Everyone knows it: football in Alabama is just different.

It’s not just a perception, either. Fans in the Yellowhammer State are more football-crazed than even their neighbors in the SEC. A recent, fairly unscientific study by the New York Times showed that more people in Alabama “like” a college football team on Facebook than in any other state, further proof of the love Alabama has for its college teams.

The players at Alabama and Auburn feel the love, too. No matter where they come from, they feel the passion that emanates from the stands.

“I can definitely tell that football is a huge part of the culture,” said Alabama’s JK Scott, a Colorado native.

Scott, a freshman punter, earned attention all on his own with his stellar season. The Ray Guy Award nominee finished third in the country in punting average.
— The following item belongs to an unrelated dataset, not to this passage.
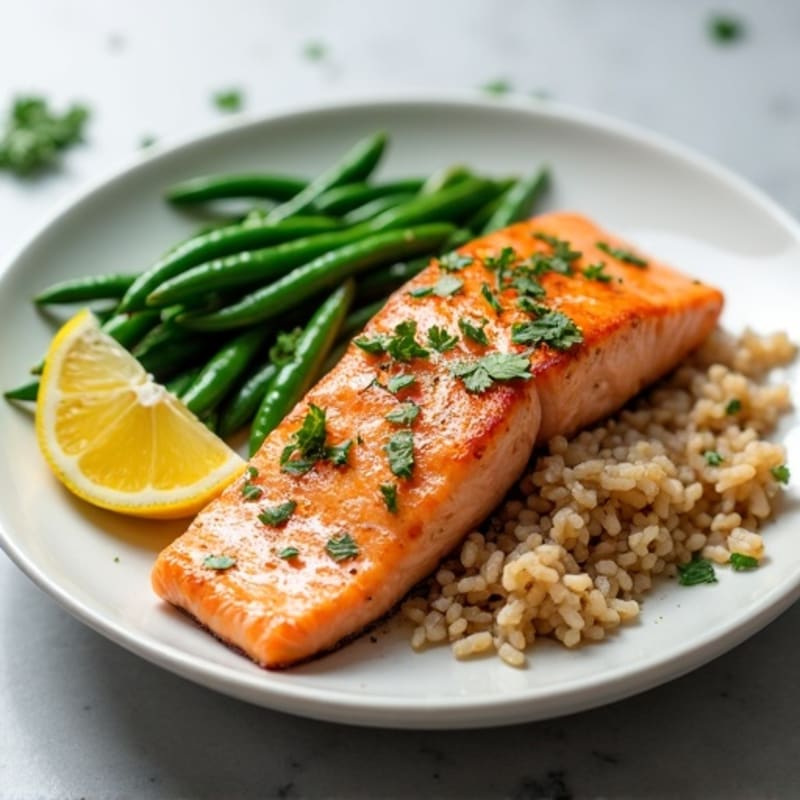Seared Salmon with Garlic Green Beans and Brown Rice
Even playing a significant role for a high-profile team as a true freshman, he didn’t anticipate the kind of attention he receives.

“It’s a much bigger deal (in Alabama),” Scott said to SDS at the Home Depot College Football Awards. “All aspects of football, you know, special teams, the punting, I guess you’re going to get attention.”
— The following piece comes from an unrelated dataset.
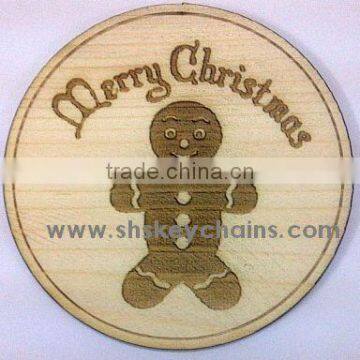 Gingerbread Man Wooden Coaster, laser Engraved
Alabama fans proved that in spades as Scott walked the red carpet before the awards show, as the punter was unable to go more than a few feet at a time before one of the Crimson Tide faithful lining the barricades would scream for him to stop for a picture or autograph.

And that’s life as one of the more unrecognizable players on the team — Scott says his fellow students don’t usually recognize him around campus yet. Amari Cooper and Landon Collins, both on hand as nominees at the College Football Awards along with Scott, received even bigger receptions from the fans at Walt Disney World, and draw far more attention on a regular basis.
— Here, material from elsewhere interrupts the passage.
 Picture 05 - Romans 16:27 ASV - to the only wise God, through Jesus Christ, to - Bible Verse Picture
On the awards’ red carpet, Cooper and Collins kept interviewers waiting as the adoring Crimson Tide fans called their names. Cooper, for one, appreciates all the love the fans give to the team.

“Since my freshmen year, they’ve been treating everyone on the team like they love them,” the record-breaking receiver said to SDS.

Just like Coopoer came from Miami to Alabama to play football, he knows that plenty of his classmates came to Alabama to watch him and his teammates play.

“The fans in Alabama love football,” the Biletnikoff award winner said. “The students love football. It’s part of the reason they come to the school.”

Cooper, Scott and the rest of the Crimson Tide have made any students who based their decision to attend Alabama feel pretty smart this year. Just as they reward the fans who come out by the thousands every Saturday, the fans give the love right back.